Is Your RV Making You Money?
Can I rent out my RV the same way one would with a rental property? Yes you can! As a matter of fact, doing so can generate enough income to cover your monthly RV expenses.
It’s no secret that owning and maintaining an RV can be quite a financial undertaking. On top of the initial purchase, there are registration, insurance, storage, maintenance and repair costs. Of course, you knew it was expensive when you bought it. Maybe your heart won the battle with your head. That’s okay, it was a lifelong dream and you could afford it, so you made it happen. Good for you!

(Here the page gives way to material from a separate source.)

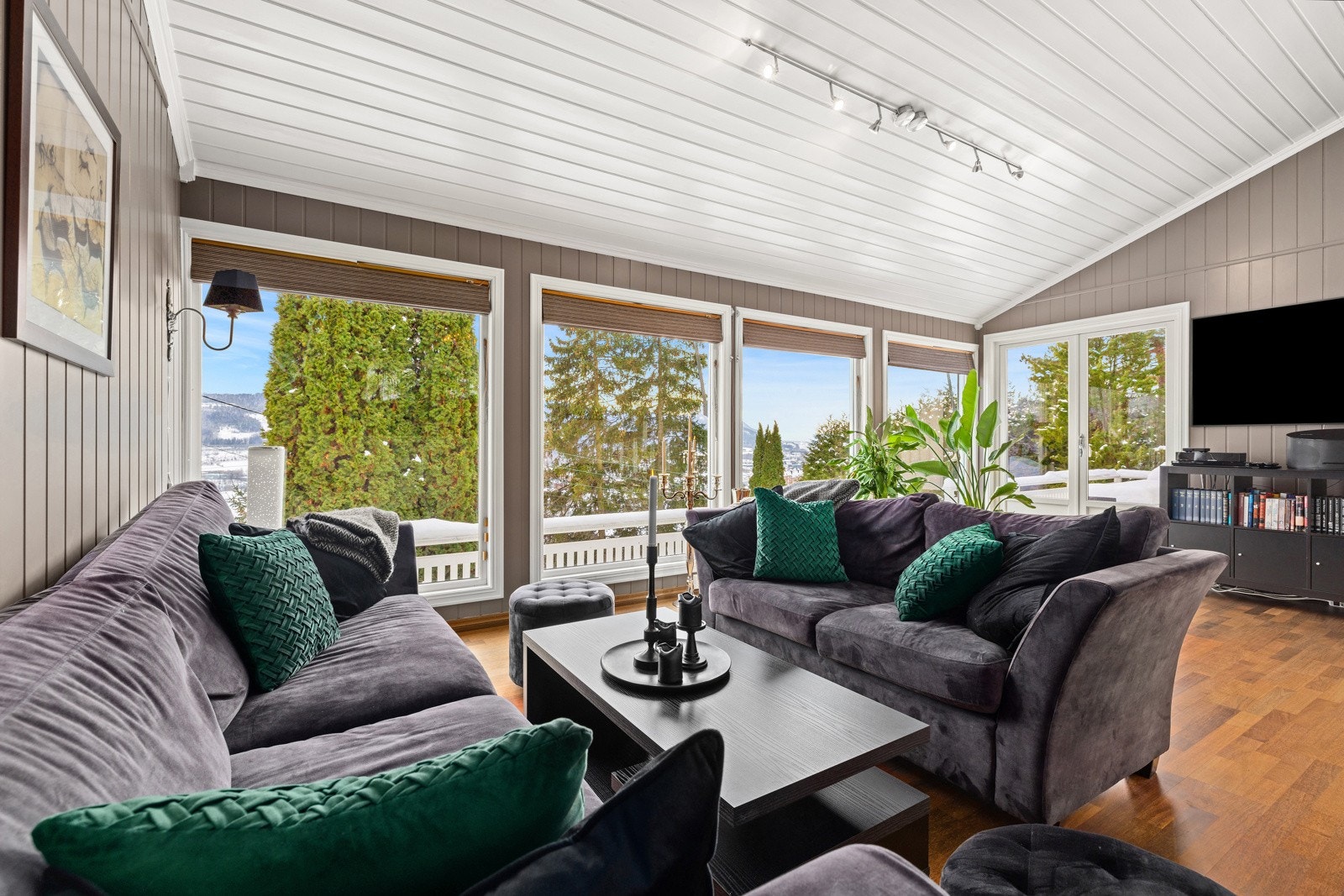 Romslig stue med store vindusflater som gir rikelig med naturlig lys og fin utsikt. Galleribilde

Fast forward a year or two, to the day you finally come to the realization that although you still love your RV, you don’t use it as much as you used to. Certainly not enough to justify the huge monthly expense. You’ve considered selling it, but in the current market, a pre-owned RV is more expensive than buying a new one. That is tough to accept. What happens if you owe more than it is worth? Most RV owners couldn’t bear the thought of writing a huge check to sell their dream. The prospect of paying thousands of dollars a month for an RV that you don’t use isn’t much better. What else can you do? Simple answer, rent out my RV
How Do I Rent Out My RV?
Congratulations, you’ve decided to rent out your motorhome. But now what? There are a few different ways to go and your overall success (or failure), truly depends on how you choose to go about renting out your RV. If you are retired, have plenty of time on your hands, or already have friends or family that want to be your first customers, then you may want to rent out your RV on your own. This way all the money from rentals is yours. Of course, so are the risks. If the RV has a breakdown you could be getting calls at 2AM from irate customers in the middle of nowhere demanding immediate help. That usually amounts to expensive mobile service calls, refunds or even worse if you have to make alternate arrangements for stranded travelers.

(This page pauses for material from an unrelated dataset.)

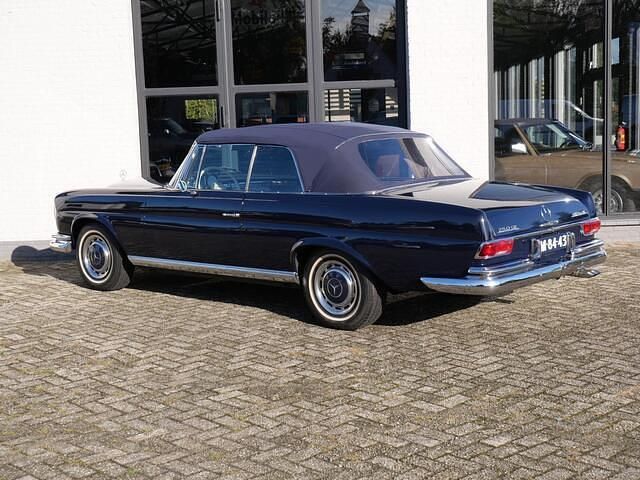 Occasion Mercedes S250 SE 150 PK (110 kW) 1966 Blauw Sedan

Another way to go is to list your RV with an RV sharing website. These sites are basically RV rental bulletin boards. A good place for people who want to rent out their own RVs, but need customers. RV sharing sites generally charge a 25% commission and will process renter payments. Again, if a customer breaks down or even has the slightest quip with your RV, you will quickly find out that when it comes to disputes, the customer is always right. Good luck getting paid.
D.I.Y Vs. Professional RV Rental Companies
Professional RV rental companies have a big advantage over do it yourself renter. They do this every day, which means they have the experience and know how to avoid common mistakes. They provide the most comprehensive service, eliminate many of the risks and know how to get the you the best rental rate. By putting resources into marketing, professionals get you more rentals than you would ever get on your own or with a RV sharing site.

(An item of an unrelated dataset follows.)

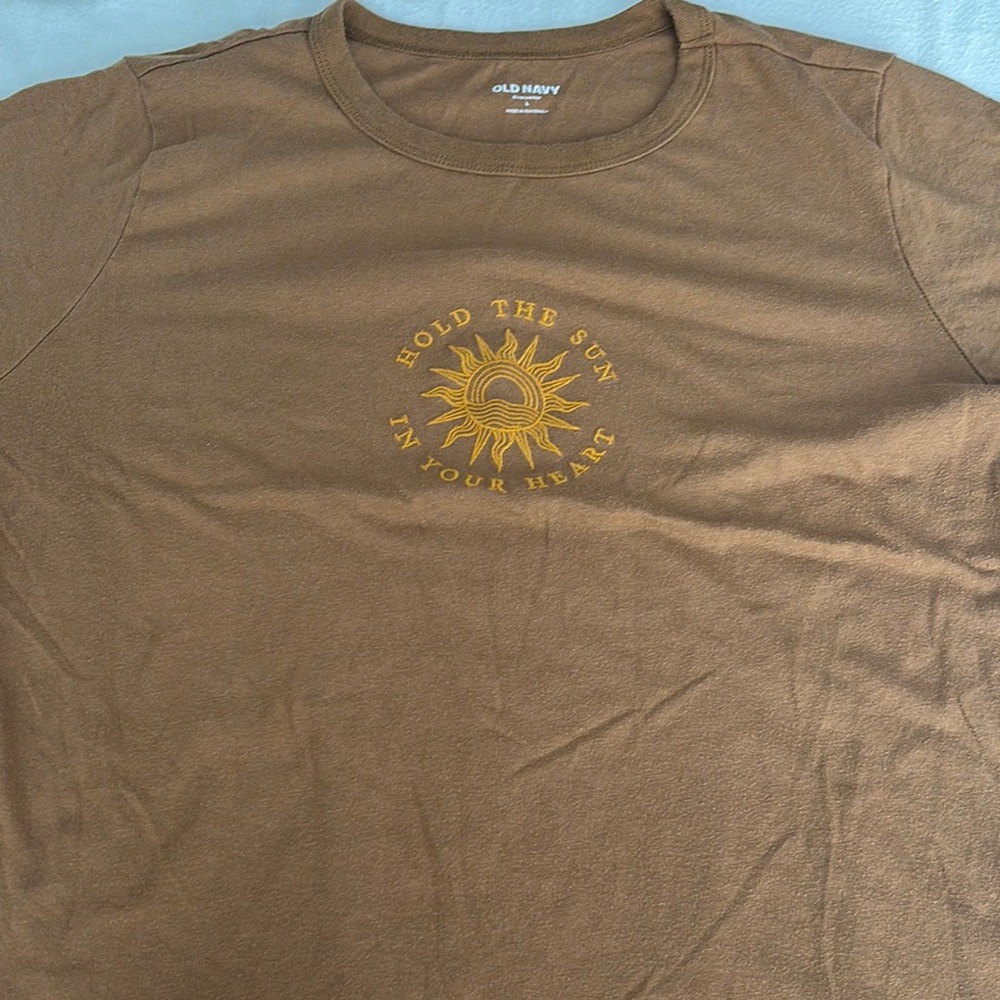 Old Navy Brown Short Sleeve Tee with Bold Sun Design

Commission structures for professional RV rental providers is generally a fixed 50/50 split. Most reputable providers have their own client databases, offer coast to coast service and have internal customer support departments. They are well equipped to provide assistance and they are used to dealing with those 2AM phone calls. If there is a major mechanical issue or a stranded customer, they have the ability to dispatch a substitute RV anywhere in America.
Allstar Coaches operates the nation’s most successful private motorhome rental program. they have been doing it for more than a decade. Vehicles enrolled full time in Allstar’s Rental Fleet Program average roughly 24 weeks of rentals per year. Most times the program generates enough revenue to offset, or completely cover the costs of RV ownership.
The Benefits Are Clear, What About The Risks?
I want to rent out my RV but am worried about damage. This concern is common. Even if your RV generates enough revenue to completely pay for itself, it is hardly worth it if some unscrupulous renter trashes your beloved motorhome. This is perhaps the most important factor when deciding between DIY or consigning it to a professional RV rental program.
If you are going to rent it out yourself, you will have to rely on your own instincts when it comes to potential renters. The risk is all yours. Rule of thumb, don’t rent your RV to anybody that you are not comfortable with.
Remember, RV “sharing” websites are simply bulletin boards which host a calendar, accept bookings and collect rental fees. RV sharing sites do not require anything from a customer except for a form of payment and they do not offer any real assistance or support.
Reputable RV rental agencies will not rent your RV out to just anybody. For example, Allstar Coaches has several trusted vetting processes in place. Specifically designed to detect “red flags” and protect owners, these procedures are very effective. Examples include pinging the DHS watch list, customer credit and background checks, driving history, assets or employment.